The existing three-story house is vacant; a number of tenants were evicted in 2008. Although two-family homes line Parkview, the corner property is located in a medium density zone. In fact, it borders 3109 Roberts Avenue, a six-story apartment building.

ITG is currently developing a pair of two- and three-family homes on Cedar Avenue and will soon begin work on a 23-unit apartment building in Bedford Park. It could embark onthe 1701 Parkview Avenue project in the next 90 days, Langer said. Last year, ITG informed Councilman James Vacca that it would market the new building to young, Manhattan-bound commuters. The Buhre Avenue train station is four blocks away. Now Langer predicts a “neighborhood crowd.”

“There’s a shortage of housing [in Pelham Bay],” he said.

According to a zoning clause adopted by the city council in 2008, ITG will leave an eight-foot side yard between 1701 Parkview Avenue and the next house on Parkview. Above three floors, the building will retreat 25 feet, Langer said.

Barbara D’Amico owns the next two houses over, 1713 Parkview Avenue and 1715 Parkview Avenue. Both are three-family homes. D’Amico occupies one-third of 1715 Parkview Avenue. She called the plan a nightmare.

“Our schools are already crowded,” D’Amico said. “Parking is already unbearable.”

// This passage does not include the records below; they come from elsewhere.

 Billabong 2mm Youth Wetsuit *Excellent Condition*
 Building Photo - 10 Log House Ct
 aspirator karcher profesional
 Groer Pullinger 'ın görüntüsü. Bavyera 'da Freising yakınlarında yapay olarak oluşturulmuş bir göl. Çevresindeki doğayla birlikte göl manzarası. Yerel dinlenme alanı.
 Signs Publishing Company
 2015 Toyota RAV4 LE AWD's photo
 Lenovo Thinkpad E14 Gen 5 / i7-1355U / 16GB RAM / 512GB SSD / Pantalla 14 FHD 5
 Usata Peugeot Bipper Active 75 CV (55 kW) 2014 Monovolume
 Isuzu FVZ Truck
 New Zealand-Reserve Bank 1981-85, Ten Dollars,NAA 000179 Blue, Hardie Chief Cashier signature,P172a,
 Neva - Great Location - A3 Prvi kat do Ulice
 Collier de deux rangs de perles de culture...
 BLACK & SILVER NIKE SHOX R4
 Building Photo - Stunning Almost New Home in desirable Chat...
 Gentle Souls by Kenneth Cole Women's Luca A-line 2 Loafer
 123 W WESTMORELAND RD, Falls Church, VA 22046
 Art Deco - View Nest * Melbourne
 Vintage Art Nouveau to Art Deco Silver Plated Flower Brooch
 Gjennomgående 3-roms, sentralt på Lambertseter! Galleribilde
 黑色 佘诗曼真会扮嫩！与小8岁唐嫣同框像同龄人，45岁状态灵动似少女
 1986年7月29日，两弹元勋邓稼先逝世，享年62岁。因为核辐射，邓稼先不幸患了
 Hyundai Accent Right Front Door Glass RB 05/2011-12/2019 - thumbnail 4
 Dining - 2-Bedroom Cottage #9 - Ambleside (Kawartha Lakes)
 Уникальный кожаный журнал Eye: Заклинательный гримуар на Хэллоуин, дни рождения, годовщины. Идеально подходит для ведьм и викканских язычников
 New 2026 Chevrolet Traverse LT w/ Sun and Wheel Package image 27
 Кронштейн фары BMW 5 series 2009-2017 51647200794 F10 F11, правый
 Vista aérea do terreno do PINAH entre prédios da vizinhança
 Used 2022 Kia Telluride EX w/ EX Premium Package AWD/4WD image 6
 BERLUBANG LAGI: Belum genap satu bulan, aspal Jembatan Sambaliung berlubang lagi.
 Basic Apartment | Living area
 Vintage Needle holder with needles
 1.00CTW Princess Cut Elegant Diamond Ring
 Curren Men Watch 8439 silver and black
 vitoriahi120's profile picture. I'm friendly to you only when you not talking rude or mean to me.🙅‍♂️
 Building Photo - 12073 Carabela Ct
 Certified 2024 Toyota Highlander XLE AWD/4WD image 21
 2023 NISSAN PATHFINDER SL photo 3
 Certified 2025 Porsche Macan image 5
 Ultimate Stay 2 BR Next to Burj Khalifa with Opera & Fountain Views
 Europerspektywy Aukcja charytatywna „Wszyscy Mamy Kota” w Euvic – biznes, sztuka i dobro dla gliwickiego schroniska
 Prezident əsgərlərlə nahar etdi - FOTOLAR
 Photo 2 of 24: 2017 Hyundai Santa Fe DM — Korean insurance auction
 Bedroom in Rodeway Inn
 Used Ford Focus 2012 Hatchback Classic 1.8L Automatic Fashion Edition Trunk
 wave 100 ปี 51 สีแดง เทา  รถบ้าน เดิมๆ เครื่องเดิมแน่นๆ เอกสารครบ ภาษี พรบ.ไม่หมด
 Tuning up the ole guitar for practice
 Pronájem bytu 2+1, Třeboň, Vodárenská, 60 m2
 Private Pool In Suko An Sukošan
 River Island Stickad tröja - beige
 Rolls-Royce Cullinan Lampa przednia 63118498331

Currently, a garage stands between the corner house and 1713 Parkview Avenue. The new building could deprive 1713 Parkview Avenue of sun. D’Amico has little faith in the market.

“[Reyes] wants to do a Wall Street type of building,” D’Amico said. “But this is the Bronx. We don’t have Wall Street type of people. It’s going to sit empty, just like Waterbury Estates.”

D’Amico thinks Reyes could renovate the existing house.

“Or knock it down and build a two-family home,” she said. “Not some monstrosity.”